Crisis of Accountability
CONgress is currently grappling with a fundamental breakdown in its internal structure. By prioritizing the protection of a few top figures over genuine reform, party has effectively sidelined its most talented grassroots leaders. When primary energy of an organization is expended on defending the senseless and politically useless rhetoric of Rahul Gandhi & Co and their loud mouthed spokespersons whose only day job is to sing paeons of Rahul Gandhi rather than improving its performance, result is a massive drain on the bandwidth required to craft winning, localized narratives.
Absentee Leader and Accountability Gap
Perhaps the most damaging optical failure for the party is recurring image of a seemingly disinterested Rahul Gandhi on the most critical days of the political calendar. While grassroots workers are left to face the brunt of a defeat, he has developed a predictable habit of vamoosing abroad on results day. This pattern strutting through high-profile campaigns, only to vanish to foreign shores when the chips are down, screams of a lack of skin in the game. When a leader is absent during the moment of reckoning, it sends a clear message to the electorate that the battle for India is a part-time pursuit.
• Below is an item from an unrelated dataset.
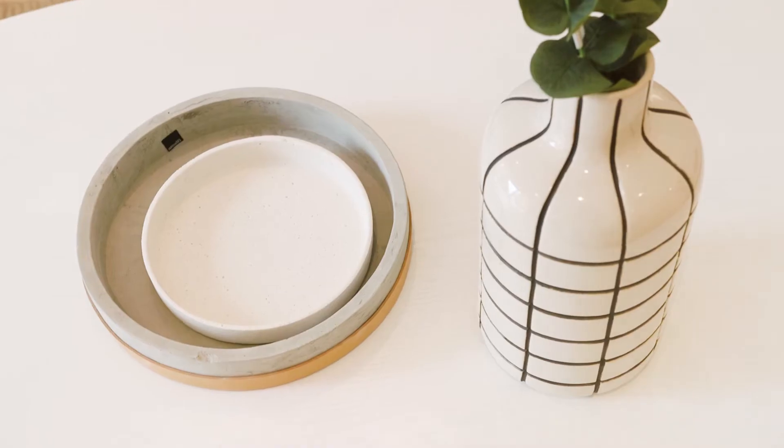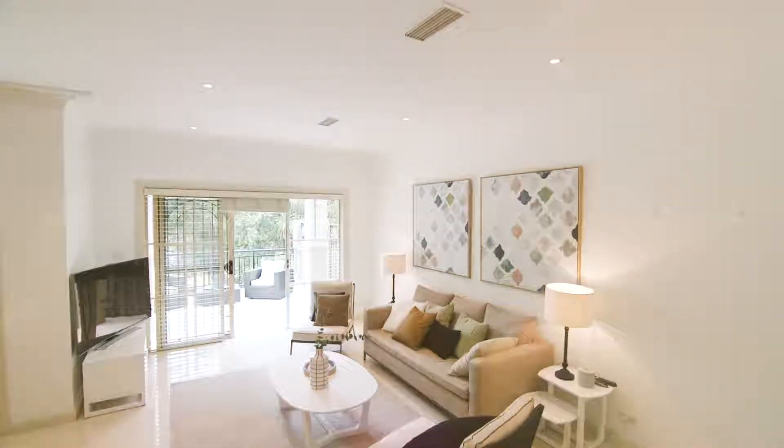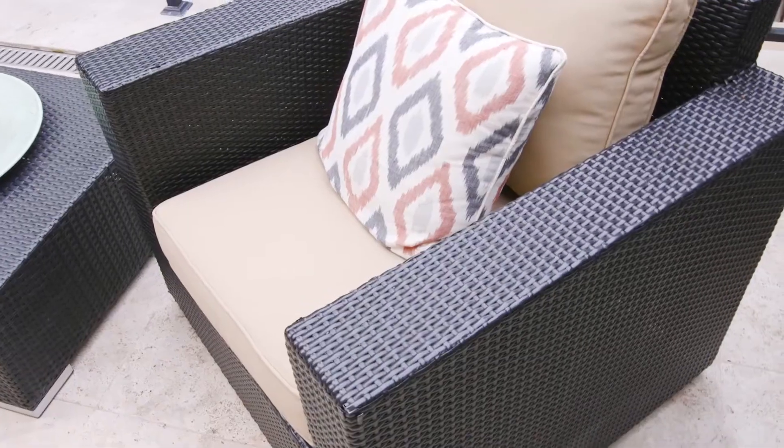This home offers a very flexible floor plan, potentially a fourth bedroom downstairs or media room. From the living areas, flow out effortlessly to a private terrace, which is perfect for entertaining with family and friends.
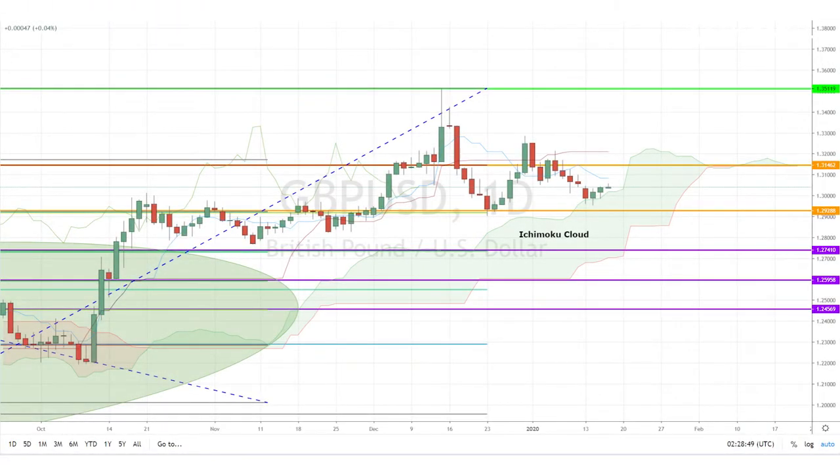Today, I'm looking at the pound-dollar pair, which has been losing its bullish momentum in the past month. The pair is currently being supported by the daily Ichimoku cloud, with the future cloud flattening. Range traders could find opportunities between 1.2928 and 1.3146 as the pair seeks its new direction.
“Flash-in-the-Pan” Narratives
A core frustration for the Indian voter is Rahul Gandhi’s habit of raising non-issues that vanish as quickly as they appear. Rahul Gandhi frequently initiates high-decibel campaigns—ranging from the Rafale controversy and the Pegasus row to more recent obsessions like the “merit system” critique or General Naravane’s memoir—only to abandon them the moment they are factually countered or fail to gain traction. This “narrative jumping” leaves the electorate confused and cynical. While these topics might become trending talking points for social media bot accounts and echo chambers, they have a net negative impact on the ground. Real voters prioritize consistent issues like infrastructure and the economy, but they instead witness a leader who treats serious national discourse like a series of experimental hashtags. When the rhetoric shifts every fortnight, the credibility of the message is the first casualty.
Patriotic Pushback
Indian voters today are far from naive; they are a highly patriotic and nationalistic electorate that has fundamentally transformed post-2014. The New India does not take kindly to Rahul Gandhi who runs down country’s democratic institutions or official standing on foreign soil. When Rahul Gandhi embarks on secret sojourns to places like Colombia, Germany, or Vietnam and seeks intervention of foreign powers in domestic affairs, average voter views it as a betrayal of national sovereignty especially considering his mixed parentage. Projecting social faultlines as if they were purely recent creations has backfired spectacularly. Instead of gaining sympathy, these actions have triggered a deep sense of revulsion. Today young voter views the power of the ballot as a means to punish those who appear more comfortable in global echo chambers than in the service of their own nation. In sharp contrast, Narendra Modi has visibly lived and projected an image of a fierce nationalist who consistently demonstrates a “Nation First” approach through decisive actions, from the Balakot airstrikes to the revocation of Article 370. Voters see a Prime Minister who carries the aspirations of 140 crore Indians to the global stage, making the opposition’s habit of projecting social faultlines to foreign audiences appear not just out of touch, but deeply offensive to the national pride.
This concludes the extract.